Karafka demonstrates robustness and efficiency in managing memory resources, particularly in high-throughput environments. Here are some key aspects of how memory usage is handled within Karafka:

  • Baseline Memory Consumption: A freshly started Karafka-Rails application has a baseline memory footprint of around 80MB. This initial consumption provides a starting point for understanding the memory requirements in typical deployment scenarios.

  • No Known Memory Leaks: Karafka has no known memory leaks within its components as of the latest updates.

  • Batch Processing and Memory Release: By default, Karafka retains the memory occupied by messages and their payload until an entire batch is processed. Karafka makes no assumptions about the nature of the processing. While this ensures flexibility in handling complex workflows, it can also increase memory usage during high-throughput operations. For those looking to optimize memory management and release message memory more proactively, Karafka Pro offers a Cleaner API.

  • Ruby Version Considerations: It's important to note that external factors such as Ruby versions can affect memory usage. For instance, Ruby 3.3.0 has been observed to have memory leak issues due to bugs introduced in that version.

  • Impact of High Throughput: Karafka's design to handle tens of thousands of messages per second means that any memory leaks in other gems or the application code can be more problematic than in traditional web applications. The high message throughput can quickly escalate minor leaks into significant issues, affecting system stability and performance.

  • Multi-threaded Environment: Karafka's use of multiple threads to process tasks in parallel can lead to a larger memory footprint than single-threaded applications. Each thread consumes memory for its stack and may duplicate particular objects, leading to higher overall memory usage.

  • Reporting Memory Issues: No software is entirely free of issues, and memory leaks can occur for various reasons, including interactions with other software components. If you suspect Karafka has a memory leak, you should report this. Such issues are treated with high urgency to ensure that they are resolved promptly, maintaining the high reliability of Karafka for all users.

CPU Usage

Karafka is designed to efficiently handle high-throughput message processing, leveraging modern CPU architectures to optimize performance. Here are the key aspects of CPU usage in Karafka:

  • Asynchronous Operations: Karafka employs asynchronous operations wherever possible, using Global VM Lock (GVL) releasing locks rather than standard sleep operations. This approach reduces idle CPU time and maximizes resource usage efficiency, allowing Karafka to perform more operations concurrently without unnecessary delays.
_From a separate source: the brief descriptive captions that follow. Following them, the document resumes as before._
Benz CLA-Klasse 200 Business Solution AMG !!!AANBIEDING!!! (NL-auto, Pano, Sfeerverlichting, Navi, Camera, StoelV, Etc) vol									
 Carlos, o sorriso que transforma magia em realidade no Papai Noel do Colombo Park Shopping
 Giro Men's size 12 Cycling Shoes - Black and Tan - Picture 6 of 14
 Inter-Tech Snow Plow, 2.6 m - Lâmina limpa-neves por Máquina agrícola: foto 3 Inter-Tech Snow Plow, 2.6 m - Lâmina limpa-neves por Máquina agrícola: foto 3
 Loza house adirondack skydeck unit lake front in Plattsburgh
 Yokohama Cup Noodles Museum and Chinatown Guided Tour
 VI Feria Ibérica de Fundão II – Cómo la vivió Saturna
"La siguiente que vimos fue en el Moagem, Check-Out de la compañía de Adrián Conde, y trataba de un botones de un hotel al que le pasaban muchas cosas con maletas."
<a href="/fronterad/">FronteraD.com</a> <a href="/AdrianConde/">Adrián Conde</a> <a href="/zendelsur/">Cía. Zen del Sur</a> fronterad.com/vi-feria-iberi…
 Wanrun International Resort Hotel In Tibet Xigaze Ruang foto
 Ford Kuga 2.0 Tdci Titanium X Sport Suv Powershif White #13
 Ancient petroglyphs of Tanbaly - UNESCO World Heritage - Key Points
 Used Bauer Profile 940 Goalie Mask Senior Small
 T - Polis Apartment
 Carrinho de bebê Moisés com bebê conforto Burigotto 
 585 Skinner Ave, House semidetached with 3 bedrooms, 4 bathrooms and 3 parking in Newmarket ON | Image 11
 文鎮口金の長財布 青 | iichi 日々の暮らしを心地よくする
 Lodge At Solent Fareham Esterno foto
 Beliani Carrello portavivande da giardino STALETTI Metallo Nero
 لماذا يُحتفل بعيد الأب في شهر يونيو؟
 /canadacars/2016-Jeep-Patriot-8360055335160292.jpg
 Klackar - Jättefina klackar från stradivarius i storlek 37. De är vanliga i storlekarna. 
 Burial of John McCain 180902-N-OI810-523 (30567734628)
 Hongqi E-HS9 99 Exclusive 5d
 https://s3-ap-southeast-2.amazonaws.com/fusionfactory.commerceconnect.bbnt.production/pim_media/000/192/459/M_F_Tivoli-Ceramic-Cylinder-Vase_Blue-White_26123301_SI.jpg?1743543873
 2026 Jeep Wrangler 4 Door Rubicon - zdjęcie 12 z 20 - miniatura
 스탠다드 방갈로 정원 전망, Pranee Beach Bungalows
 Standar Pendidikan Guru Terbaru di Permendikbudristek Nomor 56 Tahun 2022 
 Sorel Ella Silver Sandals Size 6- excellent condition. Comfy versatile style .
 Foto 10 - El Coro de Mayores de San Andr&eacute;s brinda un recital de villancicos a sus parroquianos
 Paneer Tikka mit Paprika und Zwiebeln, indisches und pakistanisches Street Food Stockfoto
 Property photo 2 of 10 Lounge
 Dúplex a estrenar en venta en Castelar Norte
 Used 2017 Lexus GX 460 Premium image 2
  • Multi-threaded Nature: The multi-threaded design of Karafka, despite the constraints imposed by the Ruby GVL, enables efficient parallel data processing. This architecture is particularly effective in environments where quick handling of large volumes of data is crucial. By distributing tasks across multiple threads, Karafka can leverage the CPU more effectively.

  • Swarm Mode for Intensive Workloads: Karafka offers a Swarm mode for CPU-intensive tasks, which spawns multiple processes under a supervisor. This model is designed to fully utilize multiple CPUs or cores, effectively scaling the processing capabilities across the available hardware resources. Swarm mode is especially beneficial for applications requiring significant computational power, as it helps to distribute the load and prevent any single process from becoming a bottleneck.

  • Underlying librdkafka Multithreading: The librdkafka library, which underpins Karafka's interaction with Kafka, is multi-threaded. It can efficiently utilize multiple cores available on modern machines, enhancing the capability to manage multiple connections and perform various network and I/O operations concurrently.

  • Optimization Opportunities: Given its multi-threaded nature and efficient asynchronous techniques, Karafka allows for significant optimization opportunities regarding CPU usage. Developers can fine-tune the number of threads and the operational parameters of Karafka to match the specific performance and resource requirements.